Why is everyone so negative about them? I think they are pretty dang cool, and will be part of mandolin history. I like all the fancy details. I mean, there`s plenty of other uglier mandolins out there, right?

----------


## Ron McMillan

They are meant to be collector's pieces, not players, so the specs are maybe just about right for showpieces.

----------


## George R. Lane

Not all art is beautiful. Way too gaudy for me.

----------

mtm

----------


## darylcrisp

I just pulled up TheMandolinStore info on these-Wow!

I am not into bling on guitars................at all. I have a disdain for abalone-especially rosettes......................

having said that

I really think these look very cool. I would have no issue owning that black one-and playing it. Wider nut width, I like! I think mandolins-especially the F styles, look really nice all dressed up and fancy-it just fits them.
The back of the black is very very nice(and the burst).

My brother once gave me a Winchester 30-30 lever action that was a John Wayne special edition. Very nice gold plated with scroll work on the receiver and such. I shot it that day. Of course, it was "meant" to be a collectable and never shot. I shot it a lot. I'm not a hunter, but I used to like handgun and rifle competition, and I did a lot of handloading. I shot that lever action until the gold took on a patina all its own. It was a very smooth, accurate 30-30.  One day I sold or traded it, cannot remember exactly which. Of course I lost a little value due to it being used a lot, but heck, that's what it was built for. 

I'm one of those who use and don't collect. We have some antique furniture in our house-its all used every day. It does the job it was made for.
Now to sell a bunch of stuff I have to acquire that black Gibson!..............somebody beat me to it-please

d

----------


## f5loar

No worse than some Martin guitars I've seen that got quite ornate and really out there on price.  Seems I recall a D150 was $100,000. These prices are not that far off the DMM models so not that out there really.  It's got the bling, the flash, the sparkle.  What more could Porter Wagoner ask for if he played the mandolin.  I remember the 2 or 3 fancy F5s made back at Gibson during the Greg Rich era.  Florentine style on one.  Very ornate.  Seems I recall Gruhn's had one of them that once belonged to Butch B.  and it was around $25,000.  I know for a fact they didn't sound as good as they looked.  Would like to know if these can stand up to the MM and DMM in sound.

----------


## Michael Weaver

If I had the money I would be wearing it like a necklace....love it.

----------


## Ivan Kelsall

Hell fire !!, ''Nudie'' Gibsons. They're about as far away from the 'Classic'' Gibson look as they could be. Not for me i'm afraid,although some folk will like them i'm sure,especially if they do sound good,
                                                                                         Ivan :Wink:

----------


## Hendrik Ahrend

> I know for a fact they didn't sound as good as they looked.  Would like to know if these can stand up to the MM and DMM in sound.

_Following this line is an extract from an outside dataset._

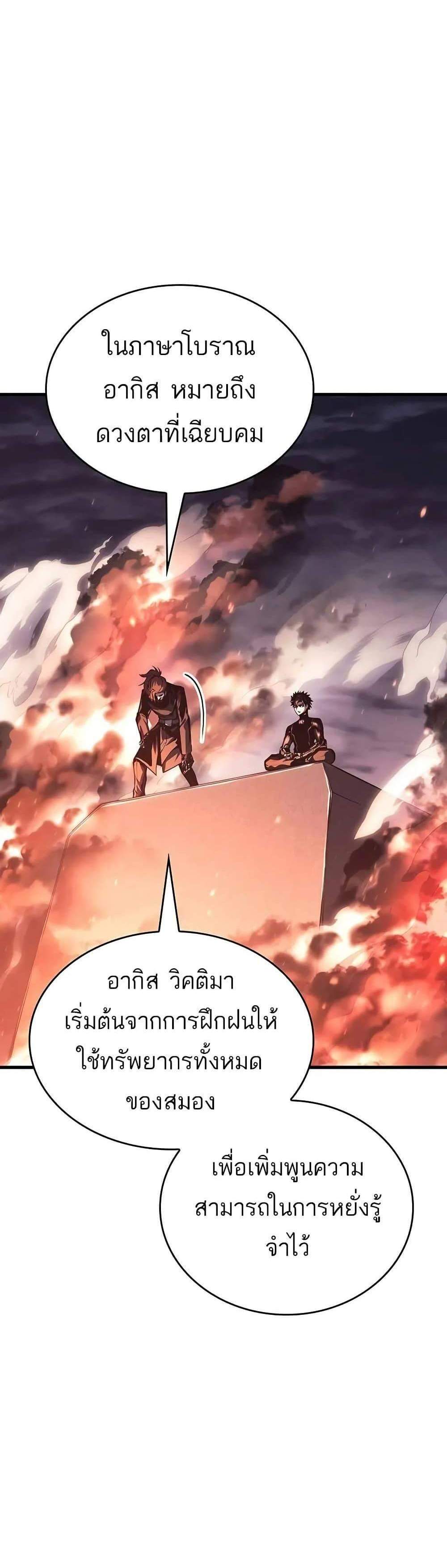 Bad Born Blood แปลไทย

Two weeks ago, I checked out a recent (June '14) Fern F5 at Thomann/Germany. Super sound, loud and balanced. The scroll, on the other hand, seemed really crooked and ugly to my eyes. In that respect, those Anniversary models look comparatively healthy. Don't know about their sound, though.

----------


## Timbofood

I like the "dressed for a party" line!
"NUDIE" Gibsons!  :Laughing:  :Laughing:

----------


## AlanN

> No worse than some Martin guitars I've seen that got quite ornate and really out there on price.  Seems I recall a D150 was $100,000. These prices are not that far off the DMM models so not that out there really.  It's got the bling, the flash, the sparkle.  What more could Porter Wagoner ask for if he played the mandolin.  I remember the 2 or 3 fancy F5s made back at Gibson during the Greg Rich era.  Florentine style on one.  Very ornate.  Seems I recall Gruhn's had one of them that once belonged to Butch B.  and it was around $25,000.  I know for a fact they didn't sound as good as they looked.  Would like to know if these can stand up to the MM and DMM in sound.

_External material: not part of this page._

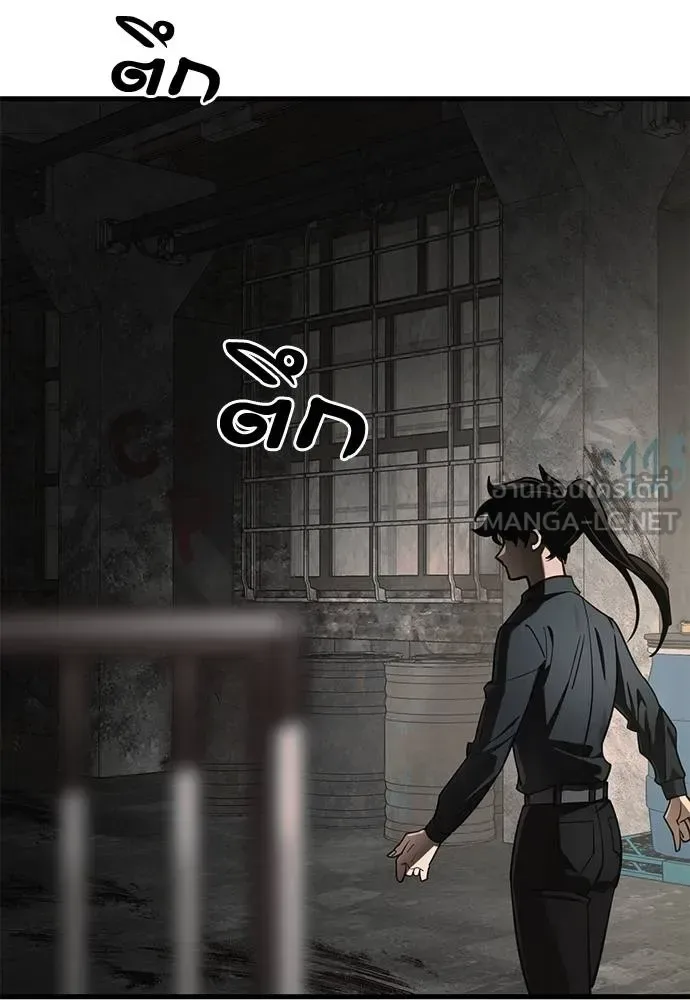 Reincarnation Path of The Underworld King ยอมรา ผู้พิพากษาจากนรก ตอนที่ 59 หน้า 57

You probably mean this one, you should see the back

----------


## haggardphunk



----------


## SCIFIDELITY

Agreed. Ugly, way overworked, way too ornate, etc. I would not buy one even if I had the $$$$.   I would rather have a Gil or Duden for that kind of bread any day.

----------


## cayuga red

> 


Magnificent!

----------


## Andrew B. Carlson

Did they cook the top on that one? It's got the look.

----------


## lenf12

For $20K, I'd have to pass. The inlay looks very nicely done even if so over the top. I wonder if Gibson farmed out the job to someone like Dave Nichols? I'd rather like a wire and torch inlaid headstock with position dots or rectangular blocks for about $5K less. And I agree with HoGo about the shape and proportions of the body scroll. It's too open and misshapen, like a much less expensive PacRim mando to my eyes. Not to knock the guy but it seems to be a hallmark of the Dave Harvey era. The "cooked" effect on the top might be from incomplete fine sanding of the courser sanding marks, it's hard to tell from the picture of the blond. An inhand comparison is your best judge on expensive pieces like these. My dos centavos..

Len B.
Clearwater, FL

----------


## Timbofood

I would hope that the top issue is not from transitioning from coarse the finer grades of sandpaper, that just strikes me as less than what to expect from an instrument of that kind of MSRP. For twenty grand, sand. Actually for that kind of money, I'd probably get something dressed for the office not a prom.
Don't have the money anyway so, whoever gets one can enjoy it with not much envy from me.

----------


## sgarrity

The Torch & Wire peghead inlay and the vine on the fingerboard are both historically related to Gibson and I happen to like them.  By all accounts, including the one I've played, Dave harvey is producing some really fine Gibsons these days.  The three things that turn me off are the pick guard, the inlay on the FB extension, and the idea that these are ready made "collectibles" for $20,000 each.

----------

FLATROCK HILL

----------


## almeriastrings

> Well, I don't want to be the bad one... but to my eyes the scrolls and shaping of the back button are not as nice as such mandolin deserves. I noticed on several of the most recent mandolins this change. Older ones (post flood) typically had nicer scrolls.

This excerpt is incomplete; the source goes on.